SEBI sets buying, selling of MFs under insider trading rules
The Hindu
The capital markets regulator has also prescribed a minimum standard of code of conduct for designated persons in line with provisions of existing insider trading rules
Capital markets regulator SEBI has amended norms to bring buying and selling of mutual fund units under the ambit of insider trading rules.
At present, insider trading rules are applicable to dealing in securities of listed companies or those proposed to be listed, when in possession of Unpublished Price Sensitive Information (UPSI).
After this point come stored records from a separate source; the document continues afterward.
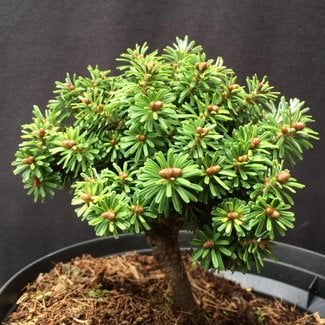 Abies koreana 'Pinnochio'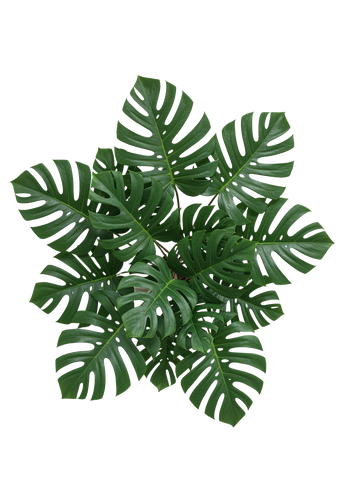 eb44a4931371.png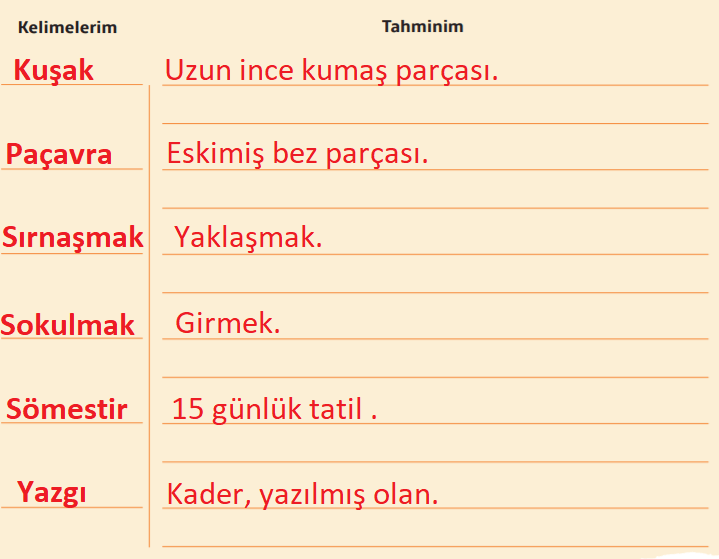 7. Sınıf Türkçe Ders Kitabı Cevapları Sayfa 210 MEB Yayınları (Futbolcu Olmaya Karar Vermiştim Metni)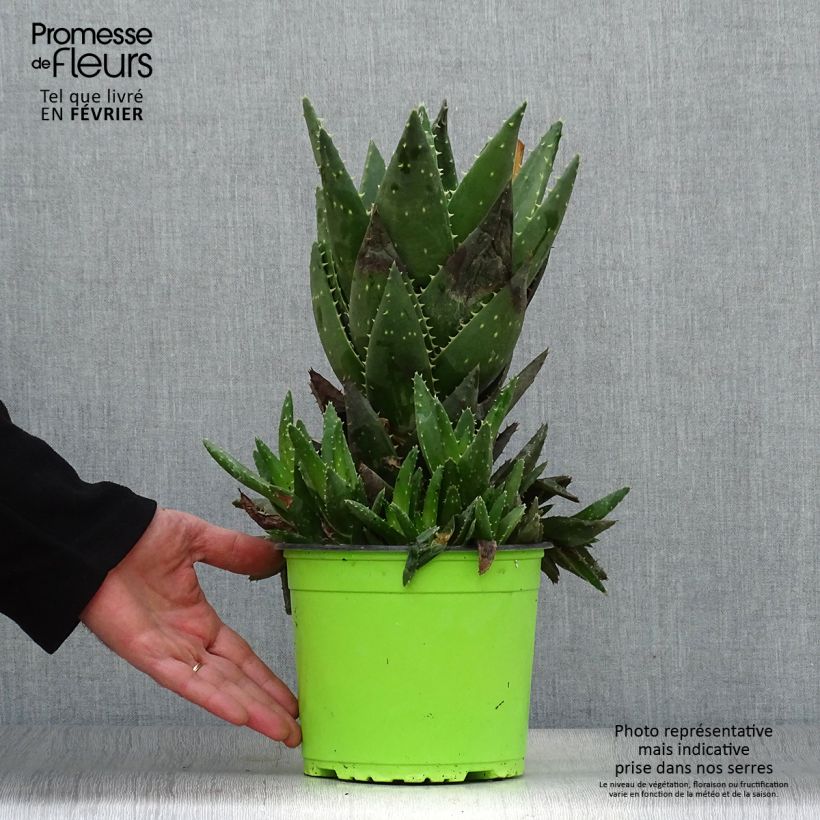 Aloe brevifolia Maceta 2L/3L Ejemplar entregado en invierno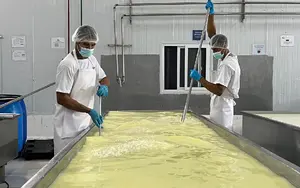 Producción de queso y cuajada supera los 57 millones de libras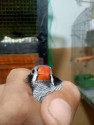/public_uploads/items_thumbs/thumb_1784757538_6a613d2219d92-scaled_IMG20260723011455.jpg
The units of mutual funds are specifically excluded from the definition of securities under the rules.
SEBI's latest decision follows the Franklin Templeton episode, in which a few executives of the fund house were accused of redeeming their holdings in the schemes ahead of the six debt schemes shutting for redemption.
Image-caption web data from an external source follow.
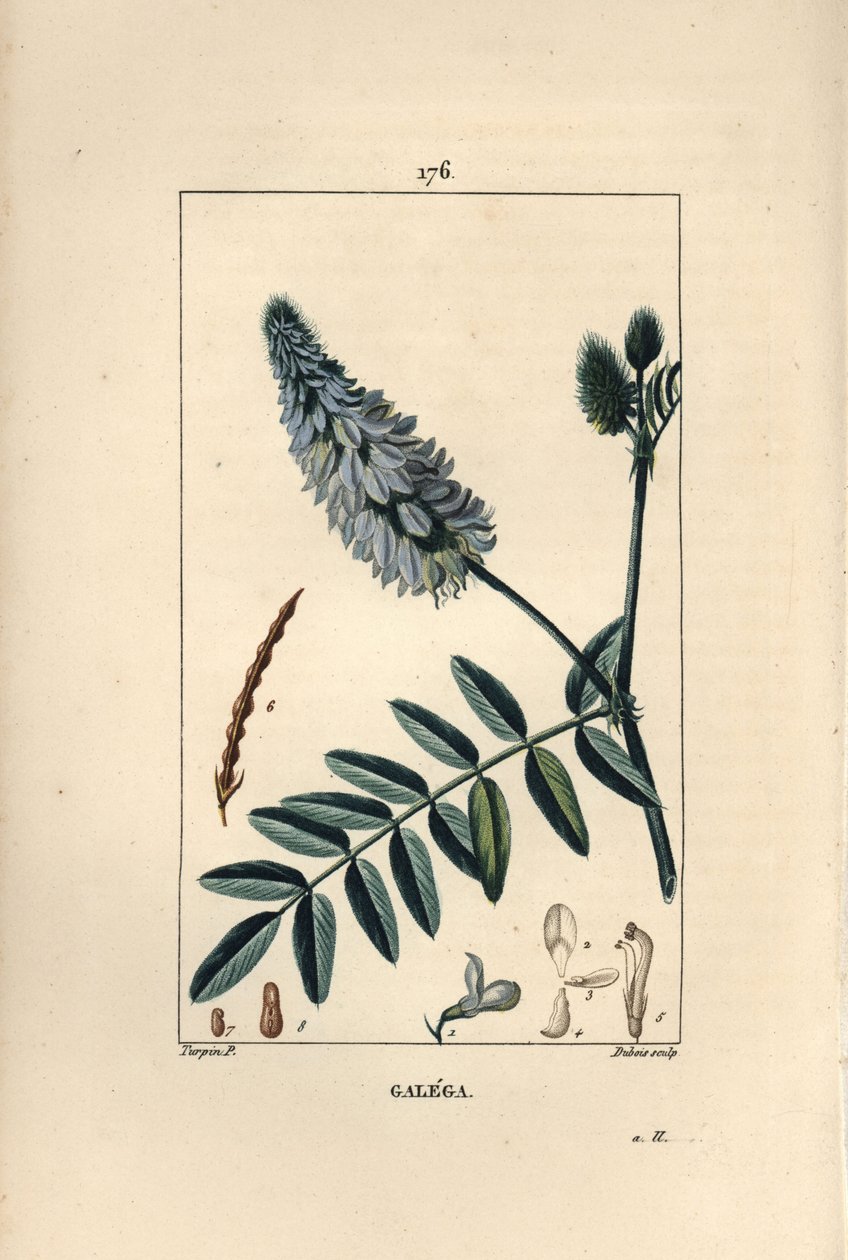 Galega - 花、葉、種を持つヤギのルー（Galega officinalis）。ショーメトン、ポワレ、シャンベの "La Flore Medicale"（パリ、パンクック）に掲載されたピエール・ジャン＝フランソワ・テュルパンの絵をデュボアが手彩色のスティプル銅版画にしたもの。 作： ピエールジャンフランソワターピン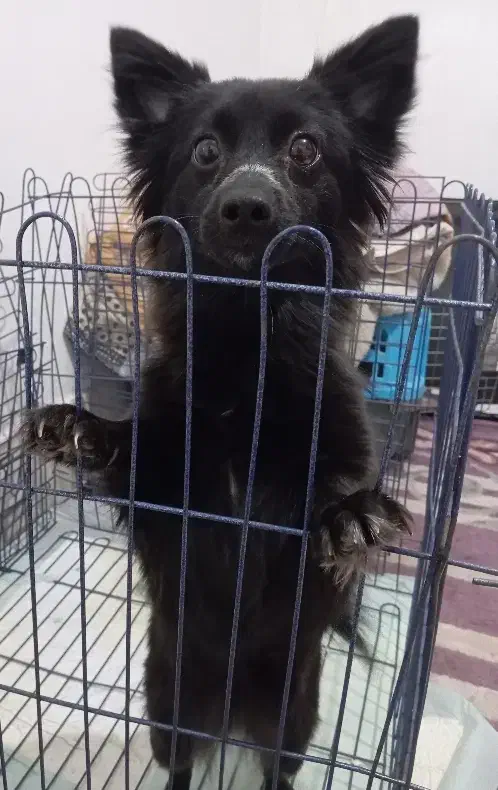 سگ ماده|سگ|قم, عمار یاسر|دیوار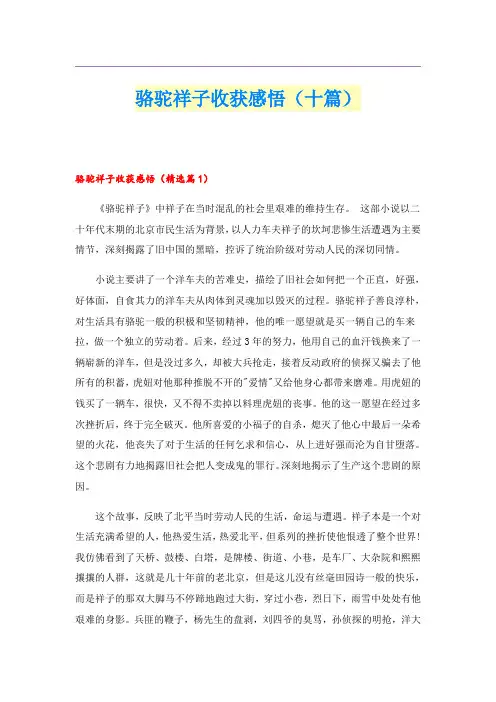 骆驼祥子收获感悟(十篇)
"No insider shall trade in the units of a scheme of a mutual fund, when in possession of unpublished price sensitive information, which may have a material impact on the net asset value of a scheme or may have a material impact on the interest of the unit holders of the scheme," SEBI said in a notification issued on Thursday.
Under the new rules, asset management companies (AMCs) will have to disclose the details of holdings in the units of its mutual fund schemes, on an aggregated basis, held by the AMC, trustees and their immediate relatives on the platform of stock exchanges.
"Details of all the transactions in the units of its own mutual funds... executed by the designated persons of asset management company, trustees and their immediate relatives shall be reported by the concerned person to the compliance officer of asset management company within two business days from the date of transaction," the regulator said.
Also, the Securities and Exchange Board of India (SEBI) has prescribed a minimum standard of code of conduct for designated persons in line with provisions of existing insider trading rules.